Le autorità politiche e religiose del Canada continuino a collaborare con determinazione per fare luce su quella triste vicenda, impegnandosi ulteriromente in un cammino do riconciliazione e guarigione”.

Prima di concludere, Papa Francesco ha aggiunto: “Questi momenti difficili rappresentano un forte richiamo per tutti noi, per allontanarci dal modello colonizzatore e anche delle colonizzazioni ideologiche di oggi e camminare fianco a fianco nel dialogo e nel rispetto reciproco e nel riconoscime to di diritti e valori culturali di tutti i figli e le figlie del Canada“.

L’importanza delle parole di Papa Francesco

Le parole di Papa Francesco arrivano quasi inaspettate per le comunità delle First Nations.
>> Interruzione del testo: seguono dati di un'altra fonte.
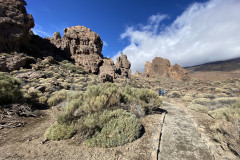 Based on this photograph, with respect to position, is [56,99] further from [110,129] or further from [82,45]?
[82,45]

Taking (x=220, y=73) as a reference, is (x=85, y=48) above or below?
above

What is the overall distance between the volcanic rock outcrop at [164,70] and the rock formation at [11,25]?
34.5m

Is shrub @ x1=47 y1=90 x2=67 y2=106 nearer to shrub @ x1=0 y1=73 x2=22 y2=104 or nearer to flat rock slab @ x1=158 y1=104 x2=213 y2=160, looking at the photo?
shrub @ x1=0 y1=73 x2=22 y2=104

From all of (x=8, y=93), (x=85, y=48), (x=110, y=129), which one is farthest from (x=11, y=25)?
(x=110, y=129)

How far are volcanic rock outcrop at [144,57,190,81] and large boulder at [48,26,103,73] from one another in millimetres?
19880

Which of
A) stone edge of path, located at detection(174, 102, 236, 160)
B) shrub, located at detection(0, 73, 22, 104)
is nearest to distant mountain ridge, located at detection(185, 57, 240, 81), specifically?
stone edge of path, located at detection(174, 102, 236, 160)

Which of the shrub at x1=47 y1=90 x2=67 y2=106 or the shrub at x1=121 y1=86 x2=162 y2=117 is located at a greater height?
the shrub at x1=47 y1=90 x2=67 y2=106

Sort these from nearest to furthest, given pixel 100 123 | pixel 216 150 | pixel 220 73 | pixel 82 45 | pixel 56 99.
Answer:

Se il governo canadese ha chiesto formalmente scusa, nel 2008, per le atrocità compiute sui bambini delle tribù indigene, la Chiesa aveva preso le distanze, o meglio, lo aveva fatto lo stesso Francesco nel 2018, quando aveva spiegato di non poter essere lui a rispondere personalemente dell’accaduto.

In quel frangente però Francesco aveva invitato le autorità religiose locali a fare un percorso di riconciliazione.

Le atrocità delle scuole religiose sui bambini indigeni

Le Indian Residential School facevano parte di un programma di rieducazione dei nativi americani del Canada, per far si che diventassero cittadini comuni. I bambini, alcuni addirittura piccolissimi, erano strappati dalle famiglie e portati lontano anche centinaia di chilometri, in modo che non potessero ricongiugersi facilmente. Lì, venivano educati alla maniera occidentale nella lingua, negli usi e nei costumi; lo scopo era quello di estirpare del tutto ogni elemento nativo.

Oltre agli evidenti traumi psicologici riportati dai bambini, nella maggior parte dei casi queste scuole erano un vero e proprio inferno; nel corso delle indagini portate avanti da team di studiosi, questi finivano spesso con il subire abusi psicologici, fisici e sessuali.

Il progetto delle Indian School, iniziato poco dopo la metà dell’800, è stato concluso definitivamente negli anni ’50.

La Kamloops, la scuola dove è stata rinvenuta la fossa comune, era la più grande e solo verso la fine contava 500 iscritti. Il dramma, spiegato anche da Rosanne Casimir, capo della First Nation, è che molti di loro sono scomparsi senza documenti e questo renderà estremamente difficile l’identificazione.

Quello delle Indian Residential School rappresenta uno dei momenti più bui della storia del Canada o, come l’ha definita il Premier Trudeau, “Una fase vergognosa per il nostro Paese“. Una ferita ancora aperta che continua a sanguinare e continuerà a farlo finché tutti i bambini scomparsi e deceduti non saranno ritrovati.